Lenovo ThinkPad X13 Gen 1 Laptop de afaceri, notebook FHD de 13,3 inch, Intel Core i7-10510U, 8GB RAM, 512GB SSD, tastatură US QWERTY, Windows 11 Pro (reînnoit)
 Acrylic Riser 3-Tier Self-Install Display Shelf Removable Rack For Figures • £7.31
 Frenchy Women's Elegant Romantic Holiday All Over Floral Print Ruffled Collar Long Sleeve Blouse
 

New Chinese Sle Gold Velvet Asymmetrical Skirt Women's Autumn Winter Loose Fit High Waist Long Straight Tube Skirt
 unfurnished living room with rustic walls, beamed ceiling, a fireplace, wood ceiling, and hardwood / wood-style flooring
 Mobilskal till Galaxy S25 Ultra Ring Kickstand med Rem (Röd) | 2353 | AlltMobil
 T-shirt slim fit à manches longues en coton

::::

- _Activity_: Each entry above needs to be duplicated verbatim.

- _Reply to the exercise_:
Lenovo ThinkPad X13 Gen 1 Laptop de afaceri, notebook FHD de 13,3 inch, Intel Core i7-10510U, 8GB RAM, 512GB SSD, tastatură US QWERTY, Windows 11 Pro (reînnoit)
 Acrylic Riser 3-Tier Self-Install Display Shelf Removable Rack For Figures • £7.31
 Frenchy Women's Elegant Romantic Holiday All Over Floral Print Ruffled Collar Long Sleeve Blouse
 

New Chinese Sle Gold Velvet Asymmetrical Skirt Women's Autumn Winter Loose Fit High Waist Long Straight Tube Skirt
 unfurnished living room with rustic walls, beamed ceiling, a fireplace, wood ceiling, and hardwood / wood-style flooring
 Mobilskal till Galaxy S25 Ultra Ring Kickstand med Rem (Röd) | 2353 | AlltMobil
 T-shirt slim fit à manches longues en coton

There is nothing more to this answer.